(EXERCISE INPUTS begins)

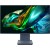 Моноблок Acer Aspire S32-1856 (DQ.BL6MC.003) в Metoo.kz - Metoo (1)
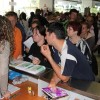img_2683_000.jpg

(EXERCISE INPUTS ends)
(EXERCISE INPUTS begins)

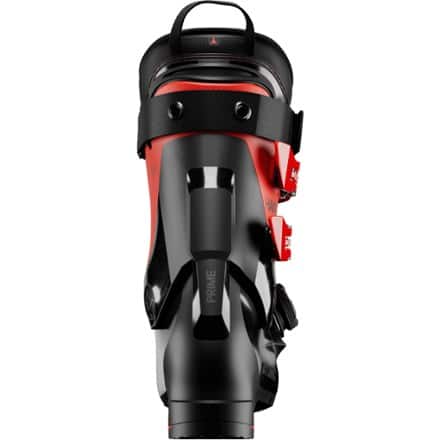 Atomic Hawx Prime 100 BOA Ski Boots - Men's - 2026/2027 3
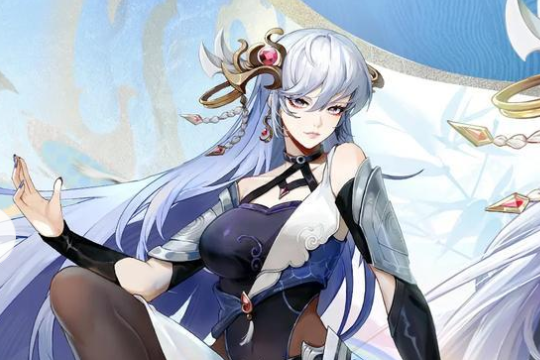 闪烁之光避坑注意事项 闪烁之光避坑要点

(EXERCISE INPUTS ends)
(EXERCISE INPUTS begins)

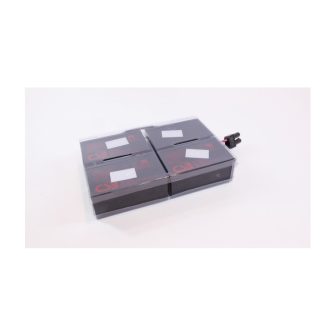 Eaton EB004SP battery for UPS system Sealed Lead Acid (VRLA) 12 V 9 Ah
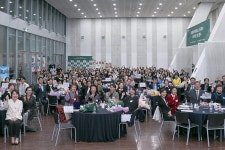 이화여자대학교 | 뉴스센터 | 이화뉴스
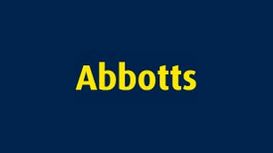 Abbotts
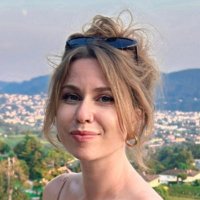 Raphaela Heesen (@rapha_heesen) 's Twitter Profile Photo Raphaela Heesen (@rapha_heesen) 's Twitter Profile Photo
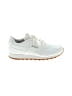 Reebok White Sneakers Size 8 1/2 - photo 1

(EXERCISE INPUTS ends)

-- TASK BRIEF --
What to print is the stretch of entries from the line with "Моноблок Acer Aspire" up to and including the line with "img_2683_000.jpg". Please print it exactly and leave out the pictures.

-- EXERCISE RESPONSE --
 Моноблок Acer Aspire S32-1856 (DQ.BL6MC.003) в Metoo.kz - Metoo (1)
img_2683_000.jpg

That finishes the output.